14. Before I leave this point, I want to urge all believers always to treat the Bible as if it were all true. Do not let any of it seem to be a romance for you but regard it all as real and true. I wish people were more business-like in dealing with the Bible, and that they would use more common sense with regard to it; we sometimes really fail to use it as if we believed it. Some people appear to imagine that the excellence of their prayer consists in its length; but if they had more real belief in prayer, it would probably not be so long. Whenever I go to a bank with a cheque, I pass it to the clerk at the counter, pick up the cash he gives me, and go about my business. That is how I like to pray. I take to the Lord one of his promises, and I say to him, “Lord, I believe your promise, and I believe that you will fulfil it for me”; and then I go my way knowing that I have the answer to my petition, or that it will come in due time.

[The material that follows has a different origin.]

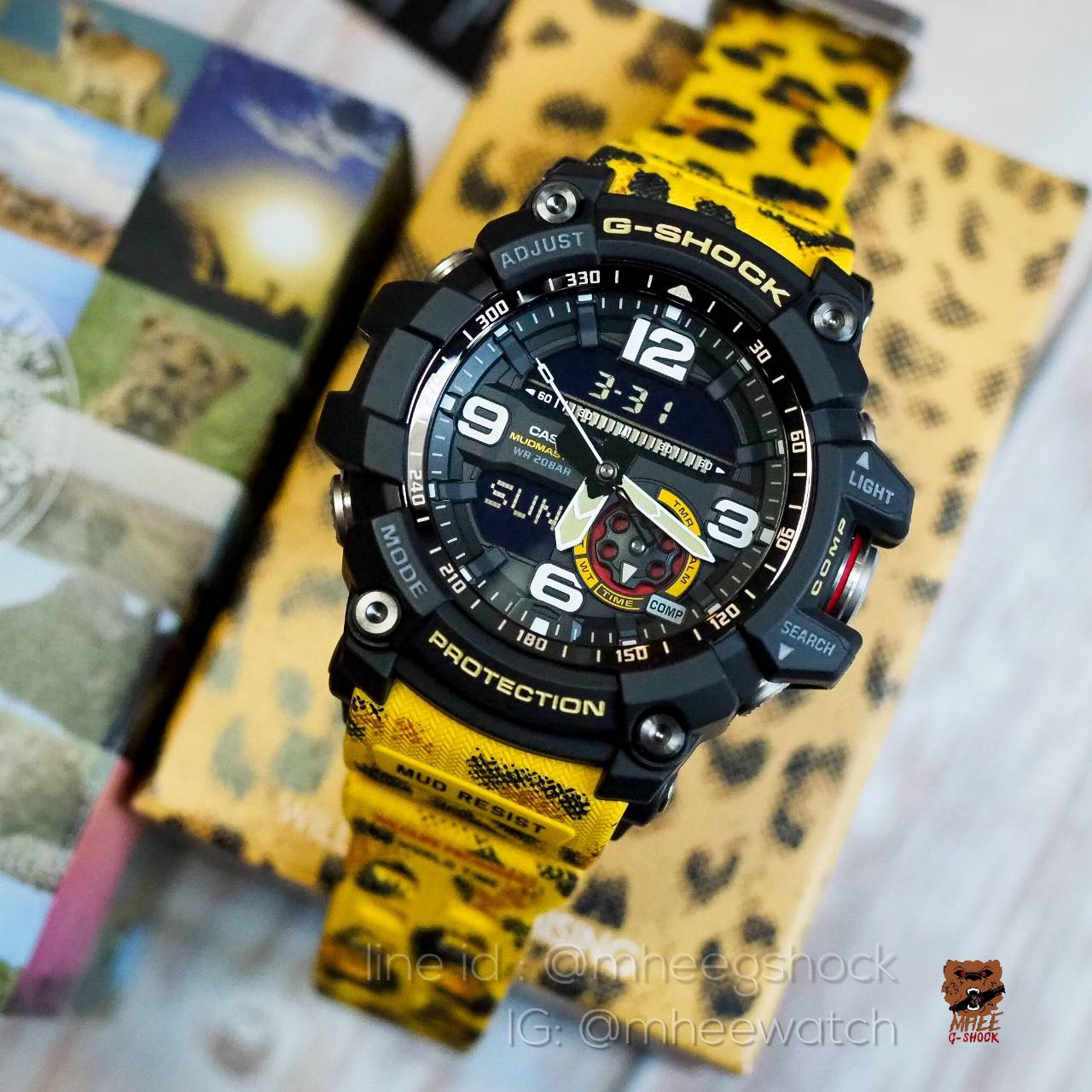 นาฬิกา Casio G-Shock รุ่น GG-1000WLP-1A ของแท้ ประกันศูนย์ CMG 1 ปี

To kneel down for a certain specified period, and pour out a long string of selected sentences, would seem to me a mere performance, and I should get nothing by it. “He who comes to God must believe that he is, and that he is a rewarder of those who diligently seek him.” Do not let your praying be a mere ecclesiastical or religious engagement; go to God as your Father and your Friend, fully convinced that your prayer will be answered. Thousands of prayers are never answered because those who present them do not expect that they will be answered. If a man prays to God, and does not believe that God will answer him, he will not answer him. We must, without wavering, unstaggeringly believe that God will hear us, and then he must hear us. Note that I say “must.” But “must” is for the King! Yes, but he has bound himself by his own Word: “Whatever things you desire, when you pray, believe that you receive them, and you shall have them.” These are Christ’s own words, not mine; and their meaning lies on the very surface. Let the Christian pray in faith, and then he will find that God will never renege on his word, but will keep his promise to all his believing people.

15. II. My second point was to be that THERE ARE SOME THINGS WHICH WE CANNOT PROVE JUST YET, BUT THEY ARE TRUE, FOR ALL THAT.

16. Now let me tell you what will come true one of these days. Jesus Christ will come back to this earth. That same Jesus, who went up from the top of Mount Olivet, will come in the same way as he was seen to go up into heaven. He will come with a mighty blast of the archangel’s trumpet, and in amazing pomp and splendour, attended by myriads of angels and vast hosts of the redeemed; but, he will surely come. It may not be today, it may not be for many an age; but in such an hour as men do not think the Son of man will come. When he does come, remember that, if you are alive, you will have to stand before his judgment seat; but if you die before that time your body shall rise again and your soul shall return to it, and there in your flesh you shall see the Son of God. That very Saviour whom tonight I preach to you, who will save you if you believe in him, will then come to sit on his throne; and if you have lived and died without believing in him, he will come to judge you, and to pronounce on you that dreadful sentence, “Depart from me, you cursed, into everlasting fire prepared for the devil and his angels.” Christ will come, and you will all rise, and either be accepted or condemned by him. “These are the true sayings of God.”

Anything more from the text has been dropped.